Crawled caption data
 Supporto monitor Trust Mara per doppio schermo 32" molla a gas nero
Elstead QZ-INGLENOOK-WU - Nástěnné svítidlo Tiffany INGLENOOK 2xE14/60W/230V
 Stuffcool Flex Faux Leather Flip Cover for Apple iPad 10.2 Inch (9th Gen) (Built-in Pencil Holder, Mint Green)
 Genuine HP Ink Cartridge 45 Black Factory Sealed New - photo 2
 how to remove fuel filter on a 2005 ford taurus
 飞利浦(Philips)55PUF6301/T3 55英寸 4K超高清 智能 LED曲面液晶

* * *

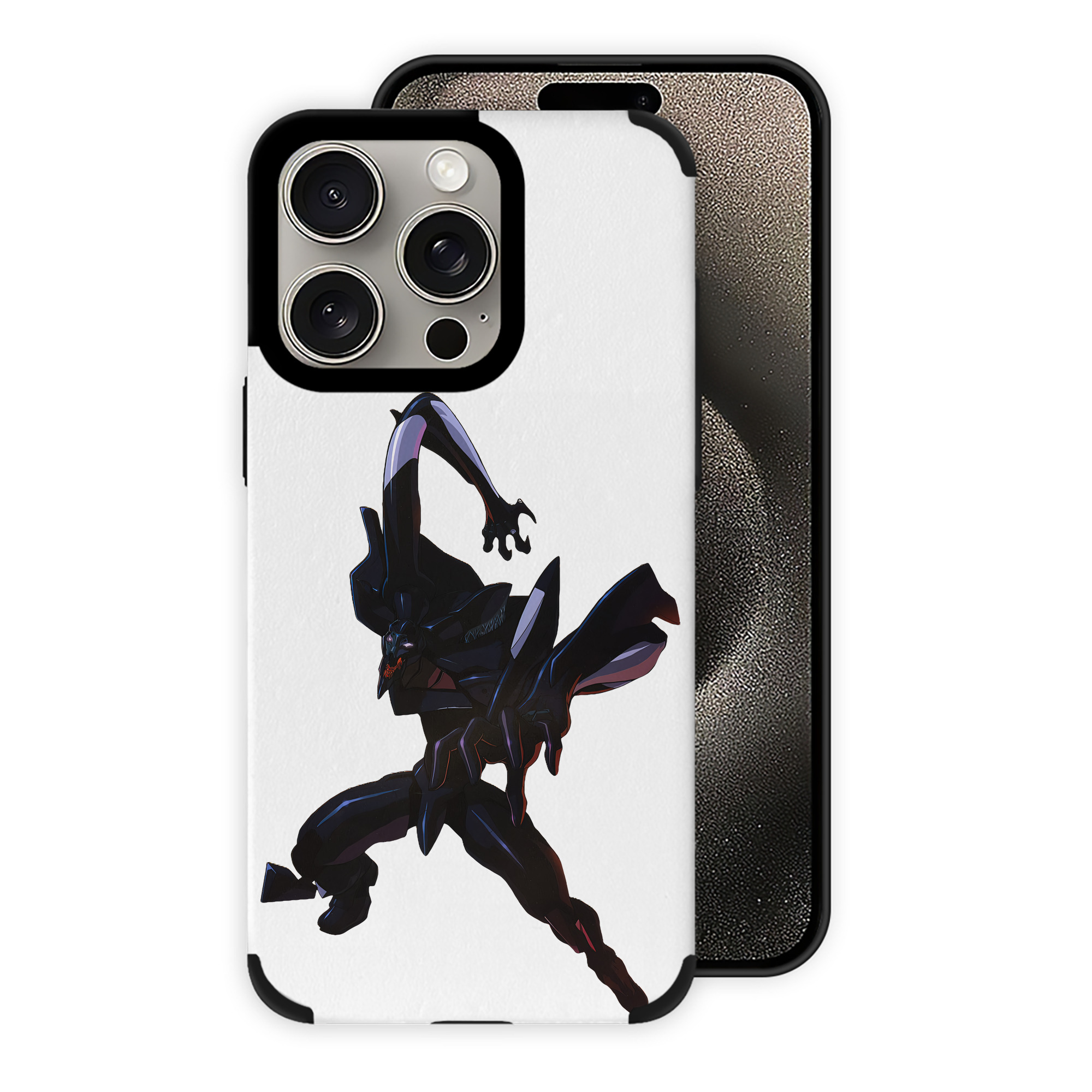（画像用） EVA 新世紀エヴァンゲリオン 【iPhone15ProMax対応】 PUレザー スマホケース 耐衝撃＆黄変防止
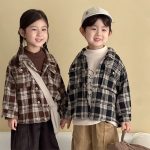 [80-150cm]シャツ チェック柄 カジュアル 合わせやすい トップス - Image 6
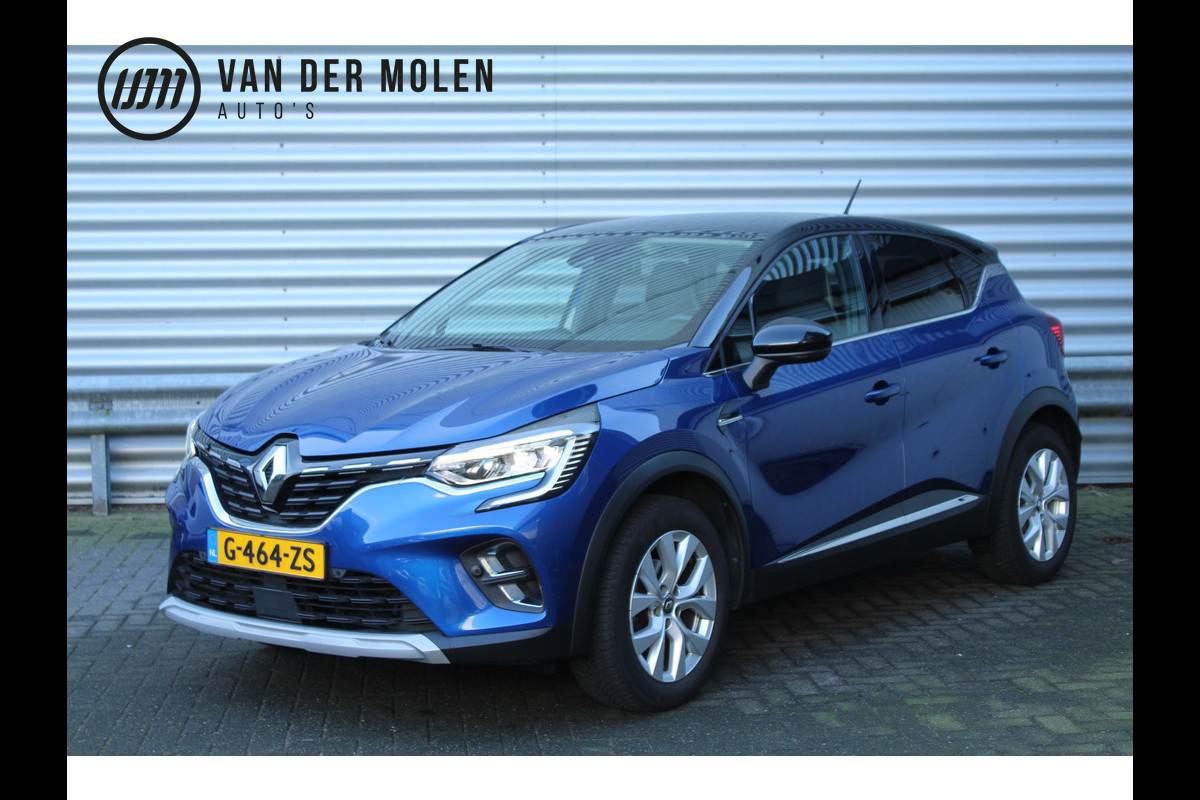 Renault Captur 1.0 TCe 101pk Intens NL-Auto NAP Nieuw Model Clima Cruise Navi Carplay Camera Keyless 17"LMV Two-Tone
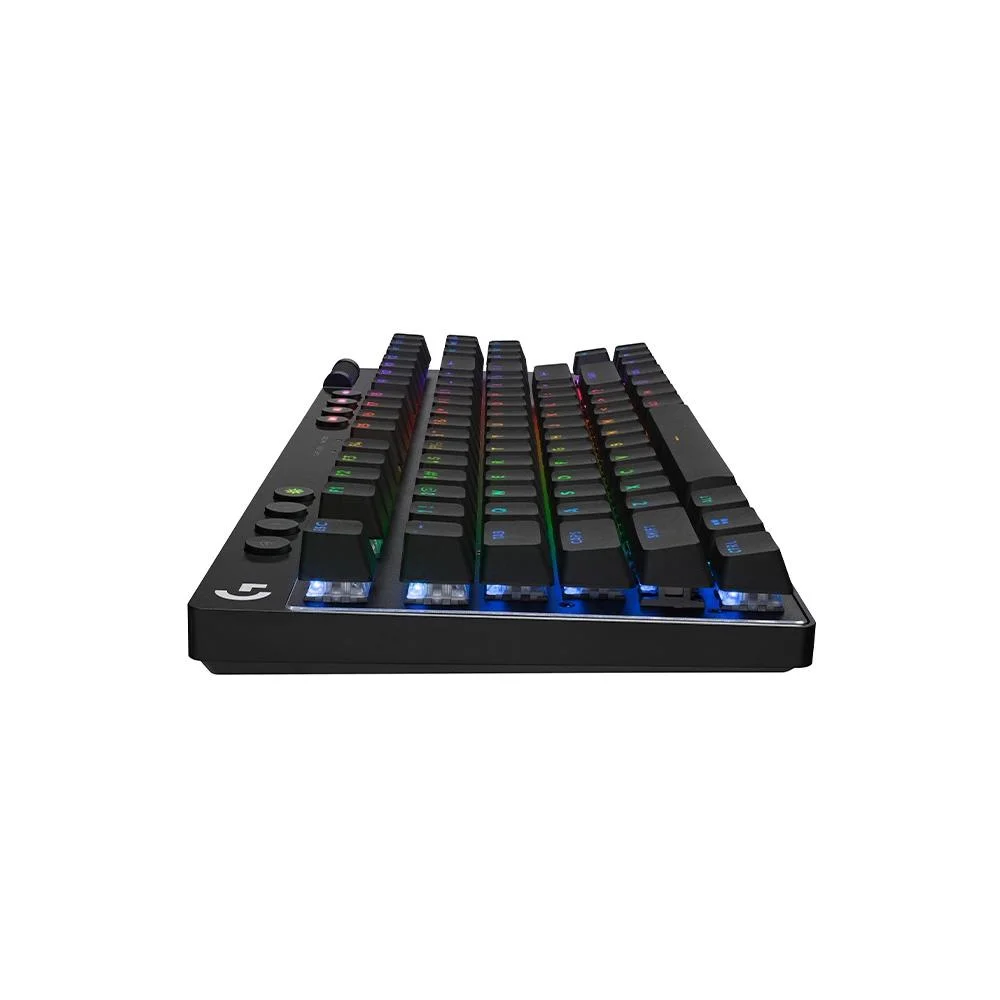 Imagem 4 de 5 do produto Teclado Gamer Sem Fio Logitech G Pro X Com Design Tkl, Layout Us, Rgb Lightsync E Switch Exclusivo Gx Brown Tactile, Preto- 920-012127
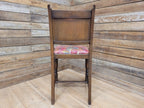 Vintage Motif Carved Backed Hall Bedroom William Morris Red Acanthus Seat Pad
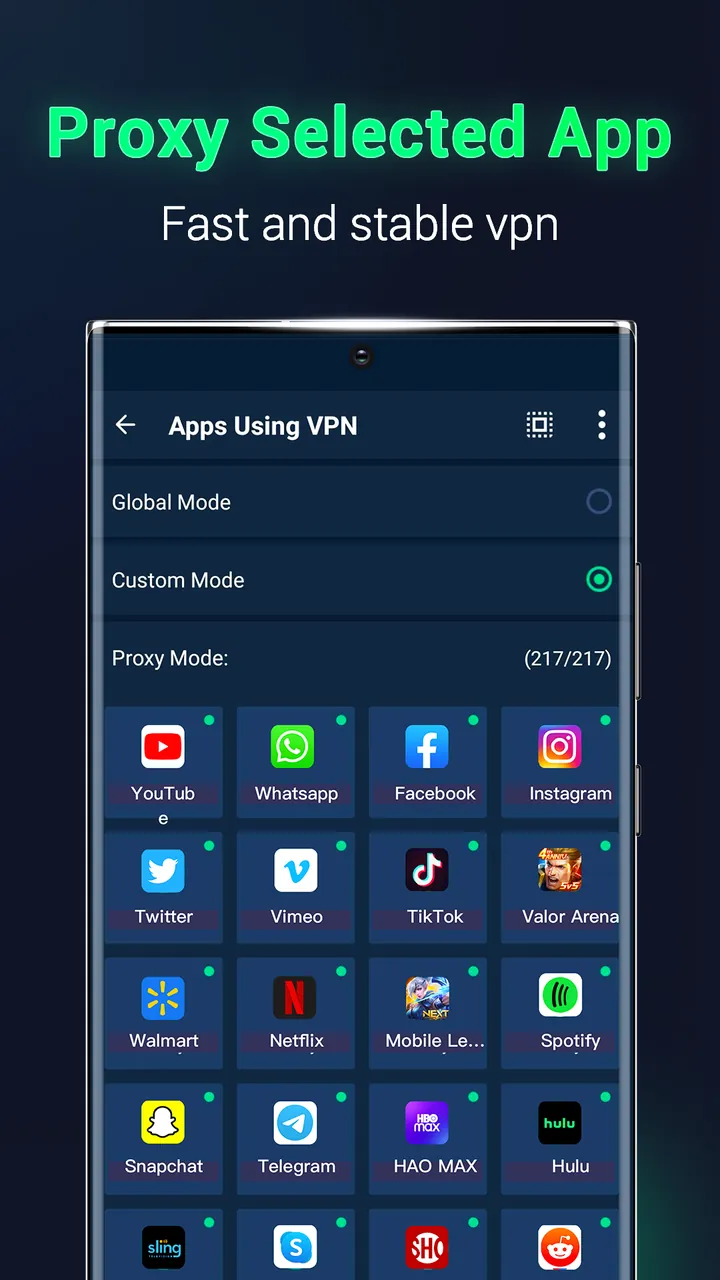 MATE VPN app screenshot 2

__Problem to solve__: Copy exactly the lines of the entries above from the one containing "[80-150cm]シャツ チェック柄 カジュアル" through the one containing "Imagem 4 de". Both end lines count; pictures do not.

__Worked solution__:
 [80-150cm]シャツ チェック柄 カジュアル 合わせやすい トップス - Image 6
 Renault Captur 1.0 TCe 101pk Intens NL-Auto NAP Nieuw Model Clima Cruise Navi Carplay Camera Keyless 17"LMV Two-Tone
 Imagem 4 de 5 do produto Teclado Gamer Sem Fio Logitech G Pro X Com Design Tkl, Layout Us, Rgb Lightsync E Switch Exclusivo Gx Brown Tactile, Preto- 920-012127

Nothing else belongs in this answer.